They don’t even know they are doing it. Mainlanders just can’t help but talk about roads. If you arrive by car at your destination on the North Island, it’s only a matter of time before your host will enquire “And what way did you come?” I’ve listened to the response, and the answer they seek sounds something like “Well Graham, we took the M123 as far as Borchester, went round the Thingbury bypass and stopped at Makewater services for 25 minutes.” The reply from the other party is to give their own description of such a route, but in reverse. This call and response can go on for some time with particularly tedious people.
When unsuspecting overners try to open a conversation like this on the Island, they get looks of incomprehension. What use this kind of discussion could be is hard for us Island folk to fathom. Indeed the whole conversation makes little sense to us who habitually drive on the Island. Because here, the best way to navigate is just to point the car vaguely at the place you want to end up in, and keep driving. Many of the roads have no name or number, or if they do, we’ve no idea what it is. Could you name a single numbered B-road on the Island? Thought not. If they do have a name, it’s the same one – there are four roads called ‘High Street’ within ten minutes of my house.
What’s more, there are some routes that just don’t really exist. So you have to make them up. Can you put your hand on your heart and swear you know the best way to get to Newbridge? I’m sure I’ve never driven between Ryde and Chale the same way twice in my life. And why is it that I always go into Ventnor via Wroxall, but drive home via Shanklin?
But it doesn’t matter. In the unlikely event of losing your way, the worst that can happen is you drive round the Island and end up back where you started. Or be more creative – I once heard a tourist telling incredulous friends that they’d got lost on the way, but found Newport by tailing a Southern Vectis bus which helpfully had its destination on it. An excellent demonstration of the axiom if it’s stupid but it works, then it’s not stupid.

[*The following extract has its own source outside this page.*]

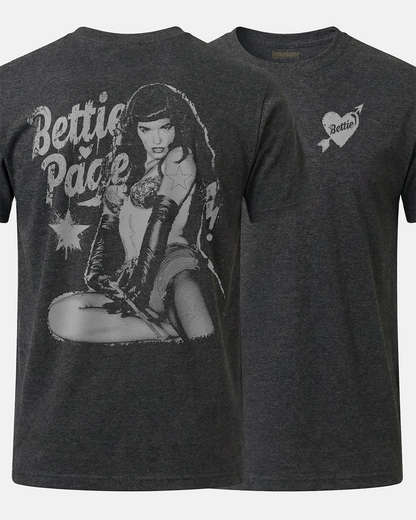 Bettie Page 2 Sided T-Shirt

I’ve lived on the Island for most of my adult life but I still couldn’t describe how to get from one place to another using that mainland road-language. Can you imagine an Islander talking about how they came along the A3055 until they got to the A3020? Or anyone understanding it if they did? It’s more likely to sound like this: “Well nipper, we got onto Newport Road where the post office used to be, then we turned off when we reached that field where the donkey died. We’d been on the road for a good fifteen minutes so yer dad stopped at the garden centre.”